BEGIN

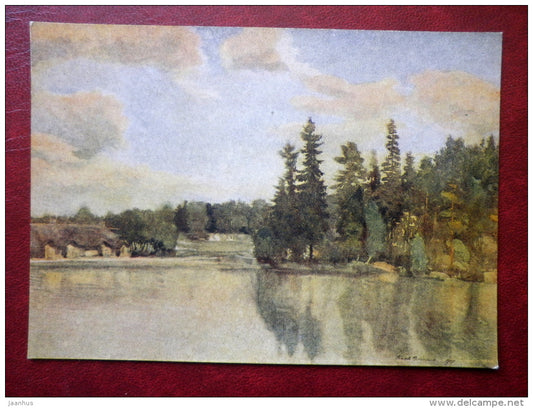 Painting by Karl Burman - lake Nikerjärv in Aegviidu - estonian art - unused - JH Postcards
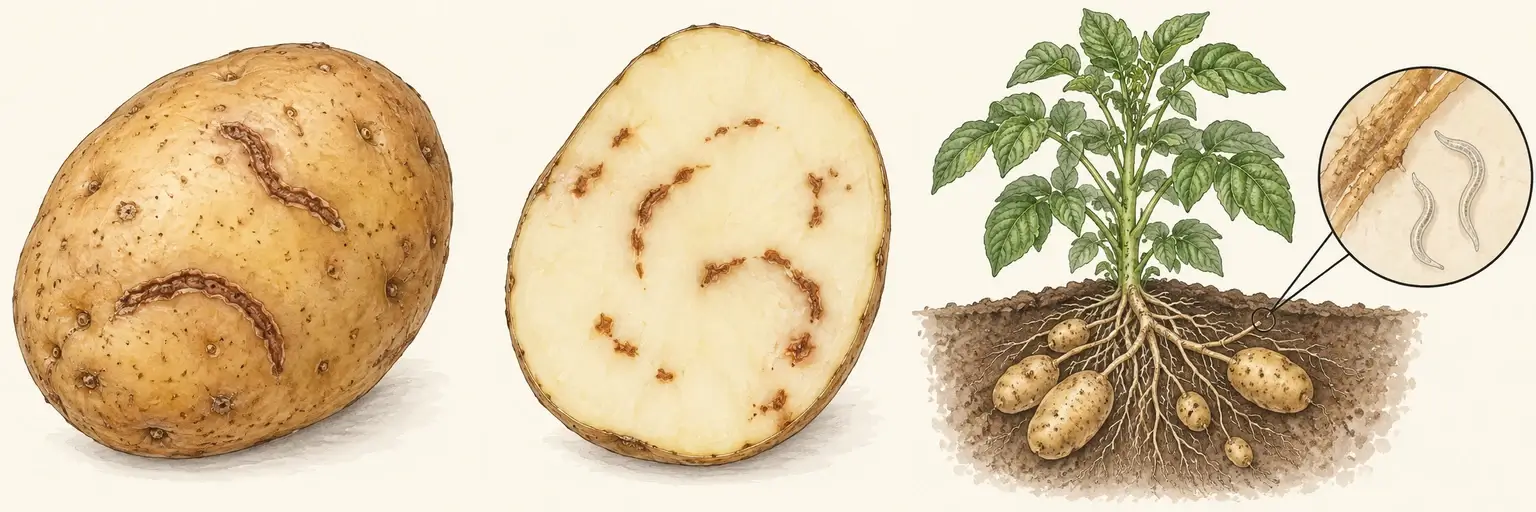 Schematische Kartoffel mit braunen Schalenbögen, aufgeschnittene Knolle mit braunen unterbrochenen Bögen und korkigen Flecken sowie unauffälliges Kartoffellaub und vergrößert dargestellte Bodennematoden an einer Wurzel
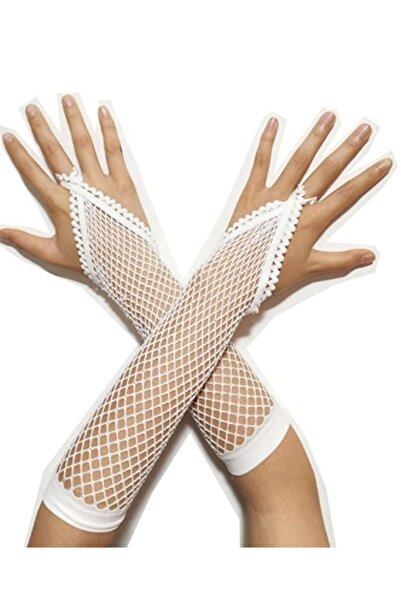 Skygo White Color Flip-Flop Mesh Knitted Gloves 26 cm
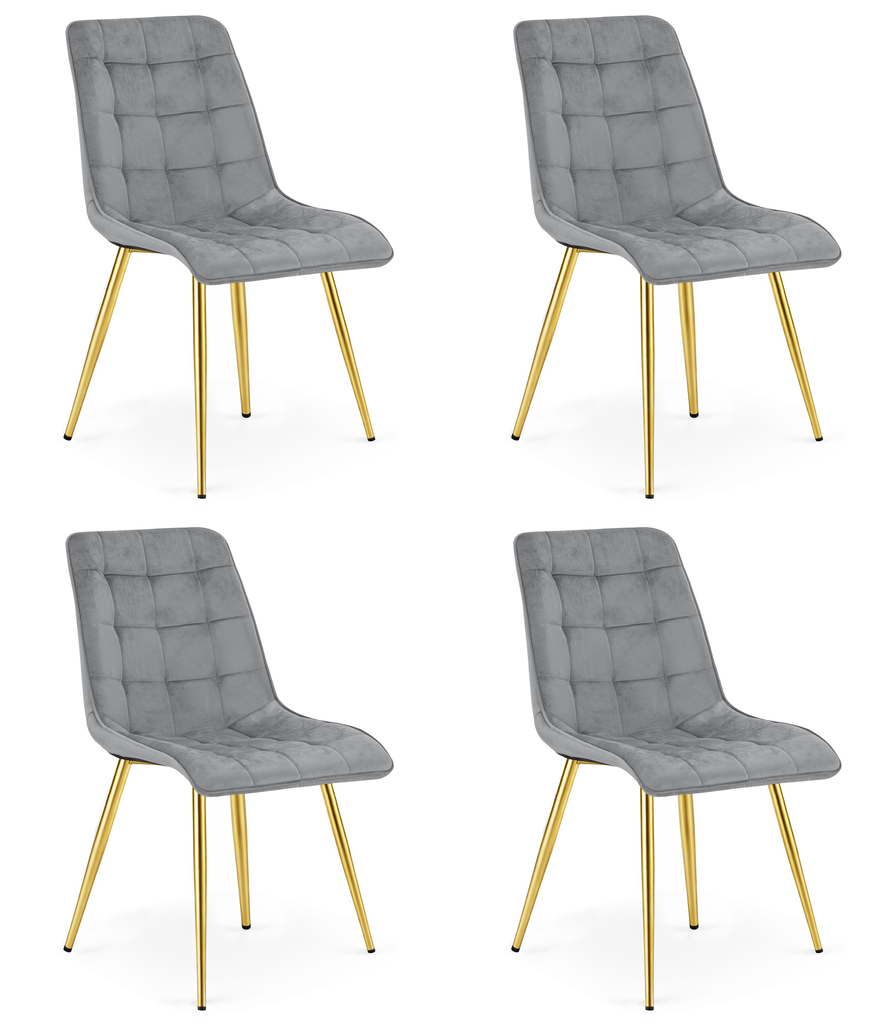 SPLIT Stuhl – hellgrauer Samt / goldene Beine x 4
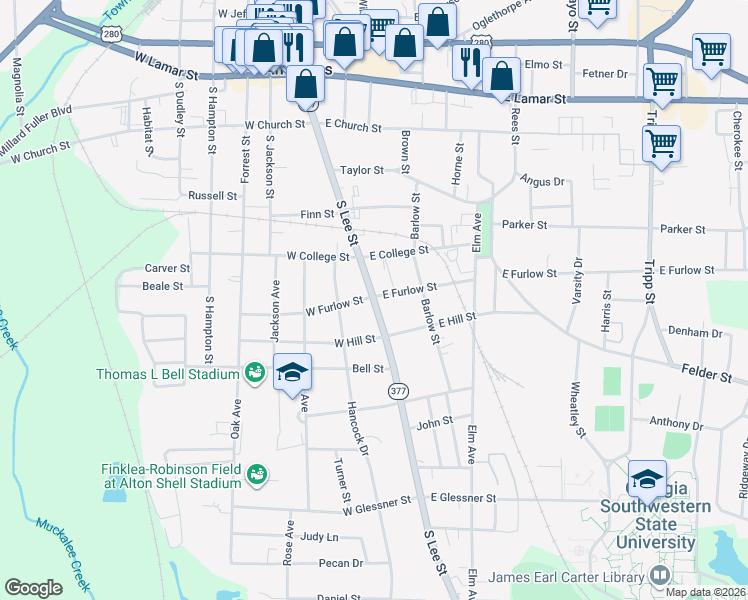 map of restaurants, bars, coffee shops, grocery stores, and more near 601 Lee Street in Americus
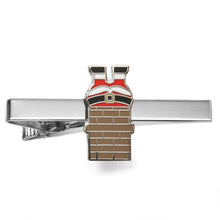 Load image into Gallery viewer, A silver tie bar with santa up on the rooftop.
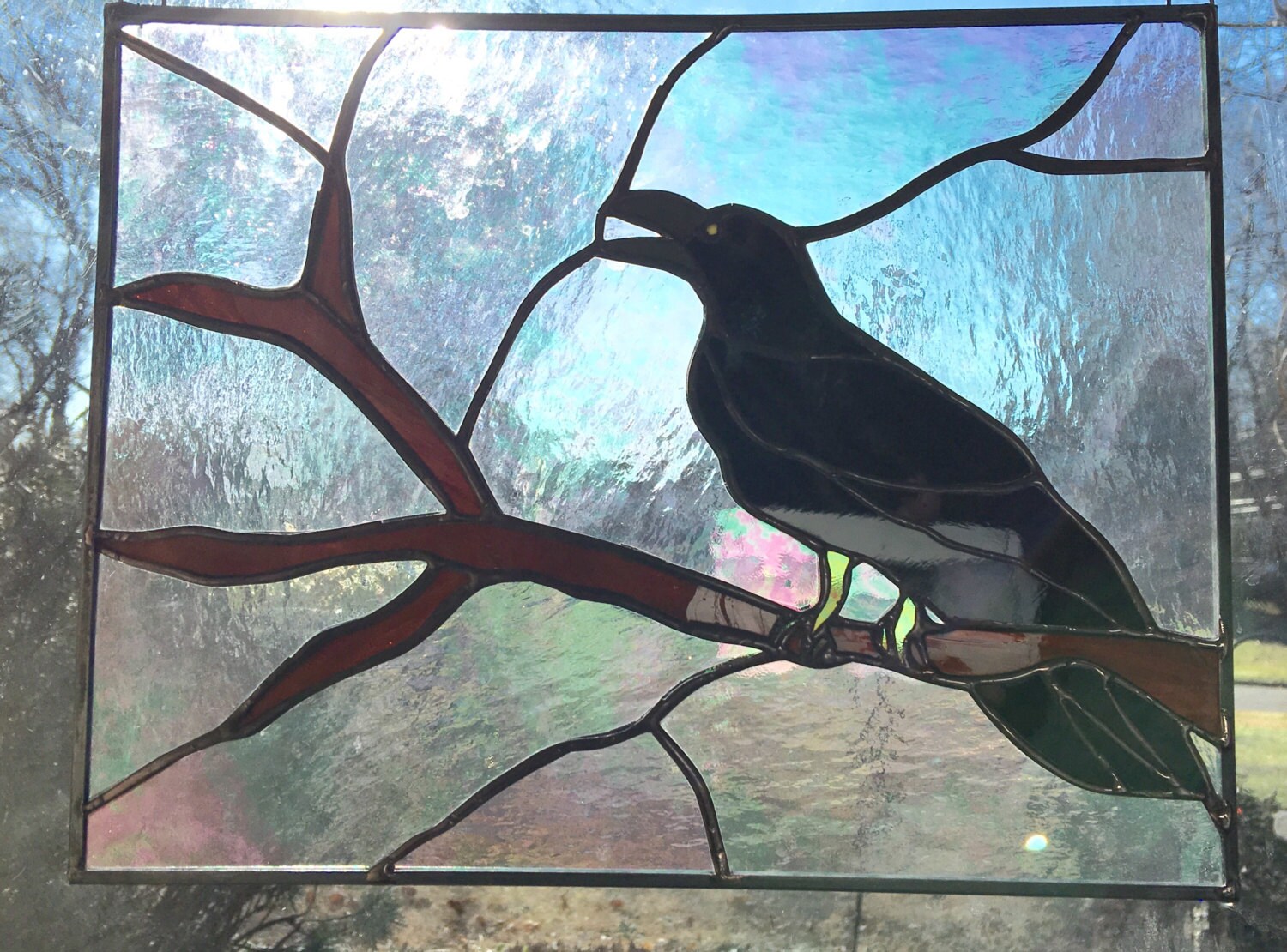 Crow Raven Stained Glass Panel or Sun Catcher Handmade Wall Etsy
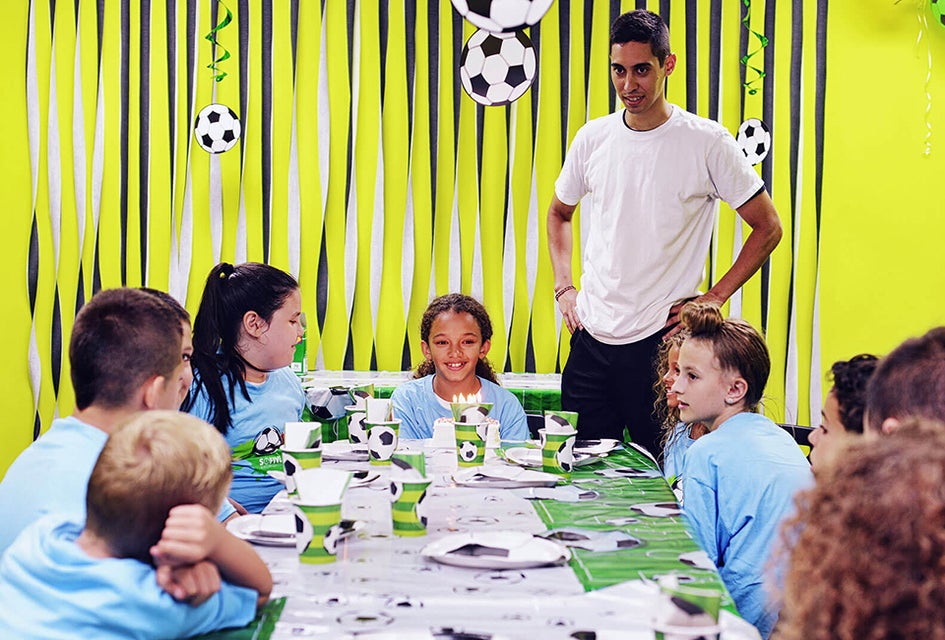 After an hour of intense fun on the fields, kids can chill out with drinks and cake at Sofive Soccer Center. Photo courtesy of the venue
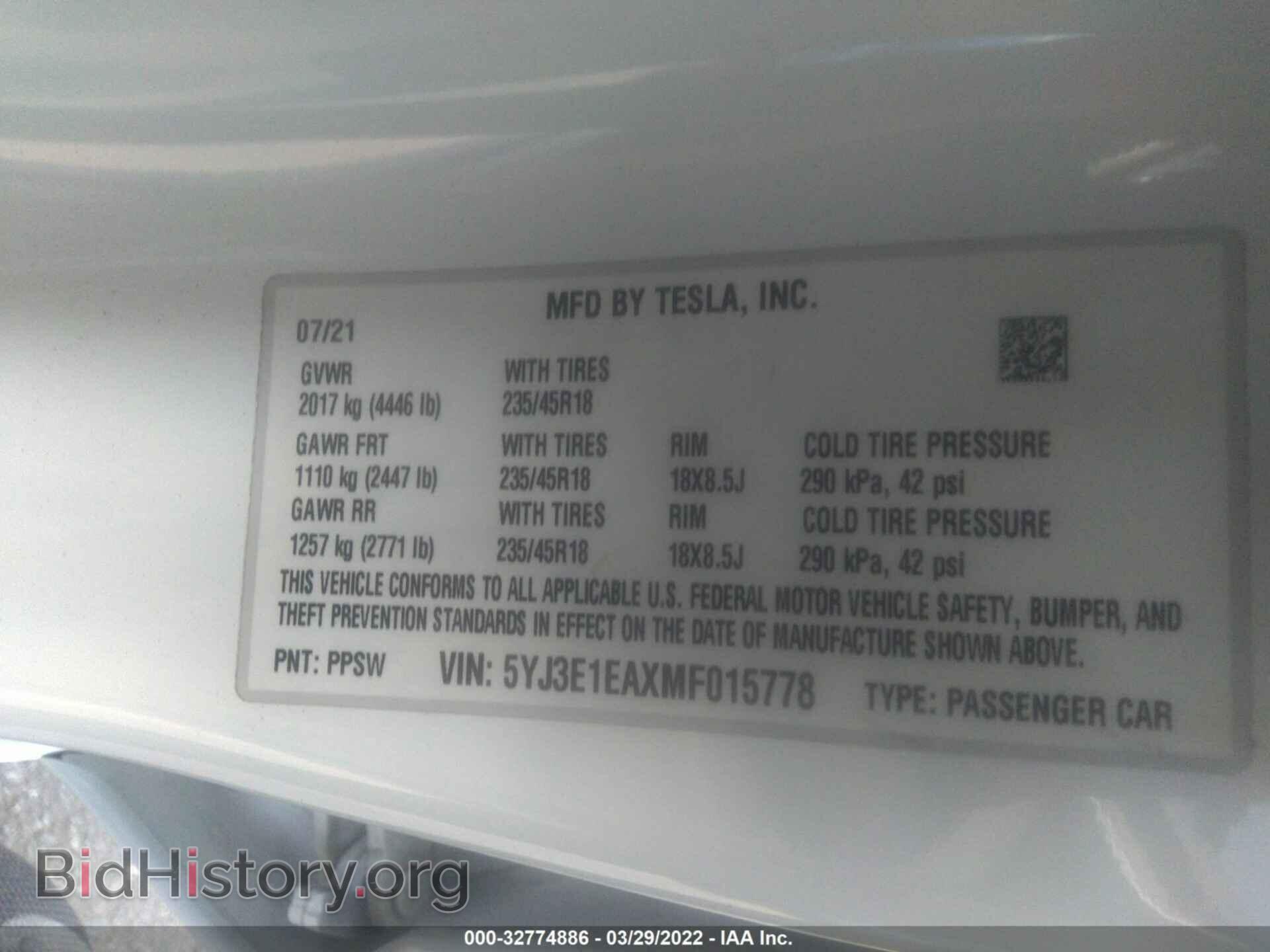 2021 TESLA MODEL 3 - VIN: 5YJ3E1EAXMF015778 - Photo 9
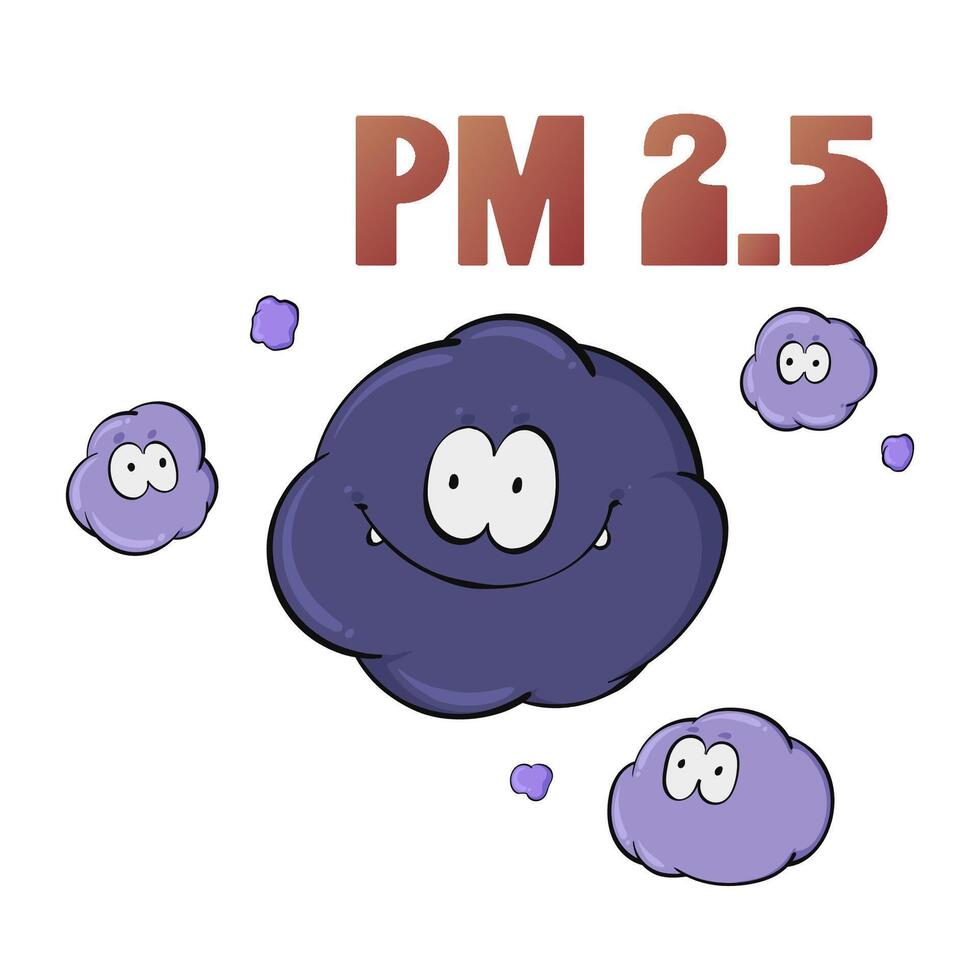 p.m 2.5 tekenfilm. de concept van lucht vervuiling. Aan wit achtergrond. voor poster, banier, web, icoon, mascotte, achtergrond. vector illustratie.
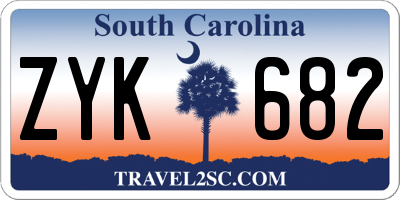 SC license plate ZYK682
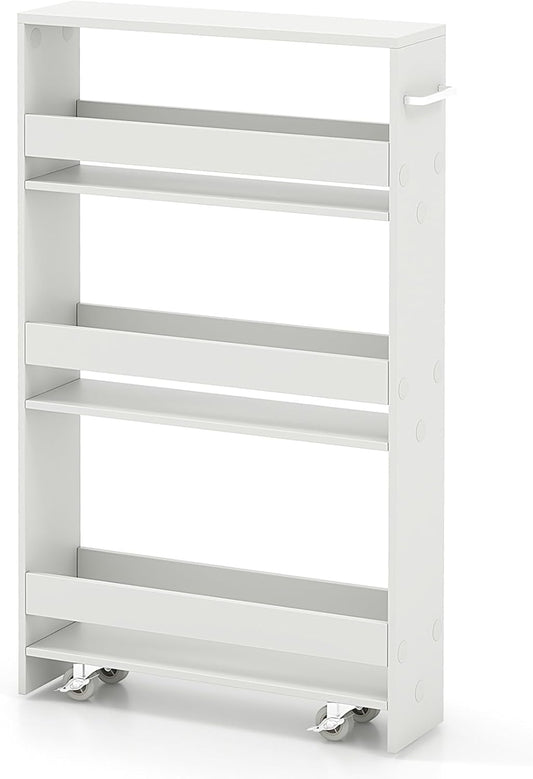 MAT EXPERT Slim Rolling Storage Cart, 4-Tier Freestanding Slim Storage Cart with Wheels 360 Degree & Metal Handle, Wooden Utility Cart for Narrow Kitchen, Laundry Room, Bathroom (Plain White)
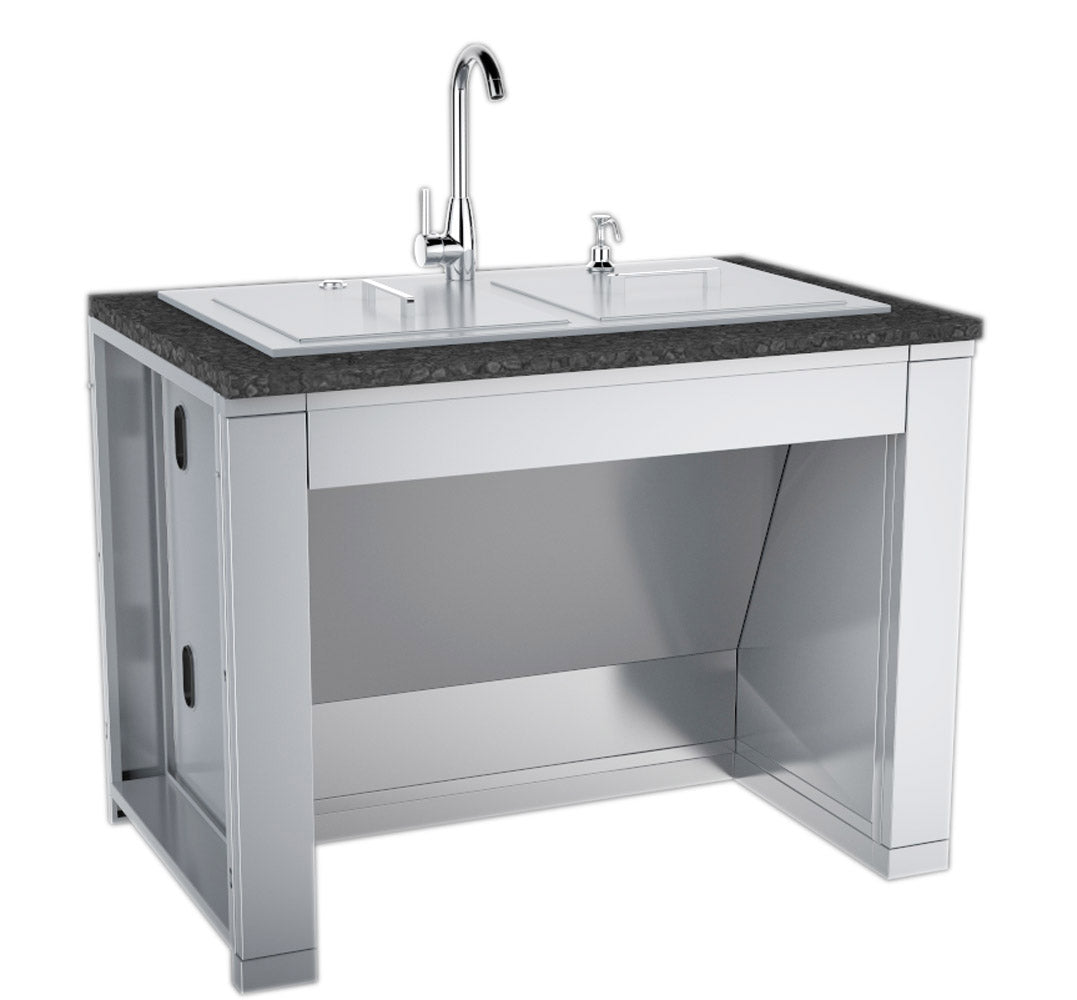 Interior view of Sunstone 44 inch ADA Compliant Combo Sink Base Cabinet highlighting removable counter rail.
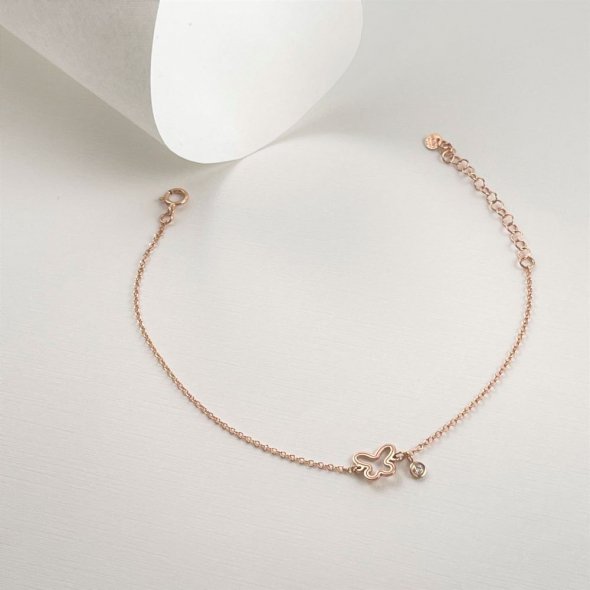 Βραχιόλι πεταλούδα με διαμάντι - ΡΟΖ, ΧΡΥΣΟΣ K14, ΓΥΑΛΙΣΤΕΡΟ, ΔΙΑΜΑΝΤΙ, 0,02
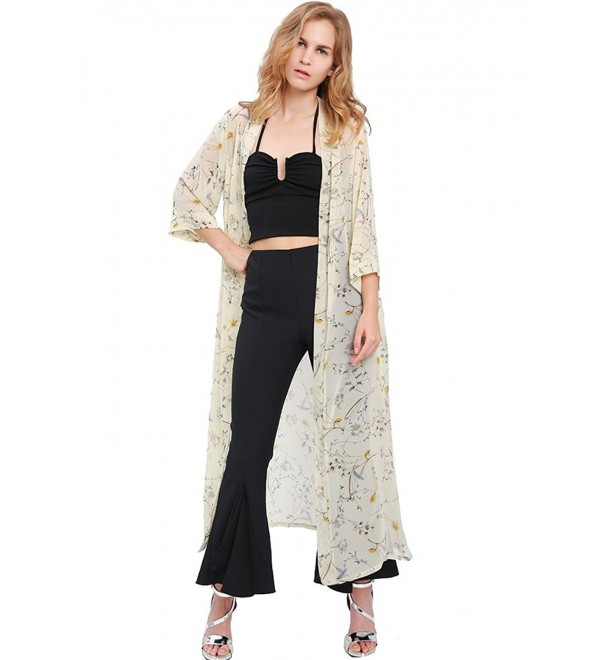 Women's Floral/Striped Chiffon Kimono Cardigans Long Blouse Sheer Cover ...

END

→ What the exercise asks
In the copy, leave out all pictures, and retype exactly each line from the one with "SC license plate ZYK682" through the last line of the entries.

→ Answer to the problem
 SC license plate ZYK682
 MAT EXPERT Slim Rolling Storage Cart, 4-Tier Freestanding Slim Storage Cart with Wheels 360 Degree & Metal Handle, Wooden Utility Cart for Narrow Kitchen, Laundry Room, Bathroom (Plain White)
 Interior view of Sunstone 44 inch ADA Compliant Combo Sink Base Cabinet highlighting removable counter rail.
 Βραχιόλι πεταλούδα με διαμάντι - ΡΟΖ, ΧΡΥΣΟΣ K14, ΓΥΑΛΙΣΤΕΡΟ, ΔΙΑΜΑΝΤΙ, 0,02
 Women's Floral/Striped Chiffon Kimono Cardigans Long Blouse Sheer Cover ...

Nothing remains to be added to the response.